L’augmentation envisagée est très maigre et étalée dans le temps. Elle atteindra si le planning est respecté, 900 euros par mois à partir de novembre 2019. L’objectif demeure donc en dessous du seuil de pauvreté… Par ailleurs, Eléonore Perise, qui siège en commission des droits et de l'autonomie (CDAPH), explique que cette légère revalorisation s’accompagne d’une sélection plus restrictive des personnes pouvant bénéficier de l’allocation : « Aujourd’hui on a de plus en plus de refus de la AAH et des gens qui perdent cette allocation.  Des gens qui ne devraient pas la perdre parce qu’ils ont des pathologies qui sont dégénératives et donc qui ne vont jamais pouvoir se soigner mais qui sont dans un état de stabilité et donc sont mis en catégorie de personnes pouvant éventuellement aller travailler. » 

Les personnes considérées comme à 80 % invalides, c’est-à-dire ne pouvant assurer seul 3 fonctions de la vie quotidienne comme par exemple manger, s’habiller ou marcher, bénéficiaient jusqu’à peu automatiquement de la AAH : « Quelqu’un qui était à 80% avait de fait droit à l’allocation. Aujourd’hui, même des personnes qui sont à 80% se voit enlever la AAH car on considère que malgré les 80%, avec des aménagements, elles pourraient retrouver un emploi. »

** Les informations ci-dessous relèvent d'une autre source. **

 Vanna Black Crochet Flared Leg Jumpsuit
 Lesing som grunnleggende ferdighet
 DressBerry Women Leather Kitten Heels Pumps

Travailler ensemble, décider tout seul ?

Dans l’ensemble, les mesures positives mises en place sont donc perçues comme minimes et intervenant dans un contexte de coupe globale. Elles participent à un discours sur l’amélioration des conditions de vie des personnes en situation de handicap mais ne sont pas satisfaisantes pour les acteurs du milieu associatif rencontrés. Plusieurs, malgré tout, continus de se sentir impliqués dans les processus décisionnels du gouvernement puisqu’ils sont encore écoutés. Ils s’interrogent par contre sur la valeur donnée à leur parole dans la prise de décision finale. Des réunions et des rapports qui n’en finissent pas selon Monique Rongières, présidente du Groupe Polyhandicap France : « On a beaucoup travaillé, on fait des rapports costauds, ça bouge. Mais qu’est-ce qu’il va en rester ? Qu’est-ce qui va être appliqué ? On ne sait pas…»

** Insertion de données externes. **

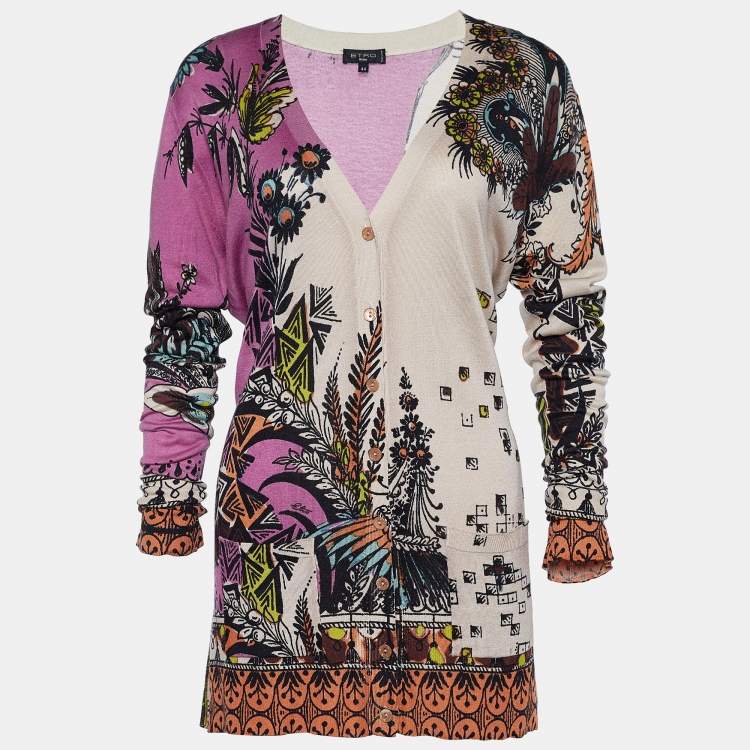 Pre Owned Etro Purple & Beige Floral Print Silk Blend Cardigan M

Quelques pistes de réponses se trouvent sans doute dans l’actualité de ces derniers jours. Plusieurs témoignages de personnes en situation de handicap ayant récemment perdu le prime à l’activité ont été médiatisés : Solange Le Goïc a été obligé de déménager (-107 euros)[5], Valérie Delugin se demande comment elle va payer ses soins (-140 euros), etc.